## Work to be completed
The lines below, beginning at the one that contains "Jimmy Choo |" and ending at the last, are to be retyped exactly.

## Data for the task
#####

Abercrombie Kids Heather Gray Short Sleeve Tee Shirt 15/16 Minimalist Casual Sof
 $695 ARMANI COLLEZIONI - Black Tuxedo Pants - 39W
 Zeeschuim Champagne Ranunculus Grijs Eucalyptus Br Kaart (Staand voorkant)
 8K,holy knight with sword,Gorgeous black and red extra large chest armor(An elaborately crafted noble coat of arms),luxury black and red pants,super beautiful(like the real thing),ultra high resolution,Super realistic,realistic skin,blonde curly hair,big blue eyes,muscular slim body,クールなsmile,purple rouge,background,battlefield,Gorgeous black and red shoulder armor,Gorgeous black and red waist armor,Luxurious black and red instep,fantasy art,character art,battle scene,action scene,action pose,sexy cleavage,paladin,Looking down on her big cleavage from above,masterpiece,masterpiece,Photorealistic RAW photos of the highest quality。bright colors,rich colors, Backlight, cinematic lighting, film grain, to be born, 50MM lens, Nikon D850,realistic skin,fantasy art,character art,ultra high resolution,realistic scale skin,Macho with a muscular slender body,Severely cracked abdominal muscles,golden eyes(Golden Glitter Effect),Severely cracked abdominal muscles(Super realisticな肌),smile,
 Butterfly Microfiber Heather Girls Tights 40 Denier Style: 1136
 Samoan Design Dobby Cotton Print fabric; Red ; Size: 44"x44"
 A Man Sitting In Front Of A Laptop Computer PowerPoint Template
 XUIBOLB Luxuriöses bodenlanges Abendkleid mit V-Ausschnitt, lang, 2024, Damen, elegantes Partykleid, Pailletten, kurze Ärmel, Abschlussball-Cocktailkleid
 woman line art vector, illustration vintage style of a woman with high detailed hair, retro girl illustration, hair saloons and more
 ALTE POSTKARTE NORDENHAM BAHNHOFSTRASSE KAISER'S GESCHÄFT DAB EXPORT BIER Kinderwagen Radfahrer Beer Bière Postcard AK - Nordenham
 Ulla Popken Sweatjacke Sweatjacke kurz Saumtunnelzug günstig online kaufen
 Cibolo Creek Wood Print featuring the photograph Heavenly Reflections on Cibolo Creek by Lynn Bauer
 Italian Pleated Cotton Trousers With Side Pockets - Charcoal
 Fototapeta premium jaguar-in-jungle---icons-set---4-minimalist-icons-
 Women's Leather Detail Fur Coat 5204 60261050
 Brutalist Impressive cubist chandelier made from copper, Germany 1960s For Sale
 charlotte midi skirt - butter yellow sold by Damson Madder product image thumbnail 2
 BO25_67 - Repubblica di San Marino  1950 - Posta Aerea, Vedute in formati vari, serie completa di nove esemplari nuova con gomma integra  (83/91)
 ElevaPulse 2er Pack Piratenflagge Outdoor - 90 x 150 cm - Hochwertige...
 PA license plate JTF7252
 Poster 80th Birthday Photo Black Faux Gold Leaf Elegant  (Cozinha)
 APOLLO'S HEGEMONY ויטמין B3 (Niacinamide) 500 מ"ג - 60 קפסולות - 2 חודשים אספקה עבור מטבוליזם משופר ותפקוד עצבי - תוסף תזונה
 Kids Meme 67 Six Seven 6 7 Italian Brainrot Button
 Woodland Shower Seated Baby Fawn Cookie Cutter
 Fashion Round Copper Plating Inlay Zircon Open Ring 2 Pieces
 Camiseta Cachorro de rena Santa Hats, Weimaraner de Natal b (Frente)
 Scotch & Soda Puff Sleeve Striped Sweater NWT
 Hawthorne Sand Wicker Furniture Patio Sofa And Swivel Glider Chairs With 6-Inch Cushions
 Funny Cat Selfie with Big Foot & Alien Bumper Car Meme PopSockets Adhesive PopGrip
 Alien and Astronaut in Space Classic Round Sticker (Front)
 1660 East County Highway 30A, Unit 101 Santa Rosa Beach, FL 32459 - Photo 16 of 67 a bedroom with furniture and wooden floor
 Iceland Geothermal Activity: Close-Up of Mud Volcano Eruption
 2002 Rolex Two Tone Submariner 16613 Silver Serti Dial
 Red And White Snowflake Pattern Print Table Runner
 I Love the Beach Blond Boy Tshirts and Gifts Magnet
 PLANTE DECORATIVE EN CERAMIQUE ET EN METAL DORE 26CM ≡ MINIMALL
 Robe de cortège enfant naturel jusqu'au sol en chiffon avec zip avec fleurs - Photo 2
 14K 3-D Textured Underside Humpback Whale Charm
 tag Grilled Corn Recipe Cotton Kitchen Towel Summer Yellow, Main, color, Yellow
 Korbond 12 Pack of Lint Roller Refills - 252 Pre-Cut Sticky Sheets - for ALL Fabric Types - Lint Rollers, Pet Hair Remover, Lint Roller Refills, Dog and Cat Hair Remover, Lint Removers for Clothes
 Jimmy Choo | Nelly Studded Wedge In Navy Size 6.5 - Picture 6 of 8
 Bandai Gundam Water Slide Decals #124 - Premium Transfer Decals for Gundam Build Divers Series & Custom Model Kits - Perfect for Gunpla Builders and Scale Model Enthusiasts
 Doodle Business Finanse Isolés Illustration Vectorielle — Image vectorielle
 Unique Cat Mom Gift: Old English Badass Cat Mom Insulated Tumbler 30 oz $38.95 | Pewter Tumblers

#####

## The answer
 Jimmy Choo | Nelly Studded Wedge In Navy Size 6.5 - Picture 6 of 8
 Bandai Gundam Water Slide Decals #124 - Premium Transfer Decals for Gundam Build Divers Series & Custom Model Kits - Perfect for Gunpla Builders and Scale Model Enthusiasts
 Doodle Business Finanse Isolés Illustration Vectorielle — Image vectorielle
 Unique Cat Mom Gift: Old English Badass Cat Mom Insulated Tumbler 30 oz $38.95 | Pewter Tumblers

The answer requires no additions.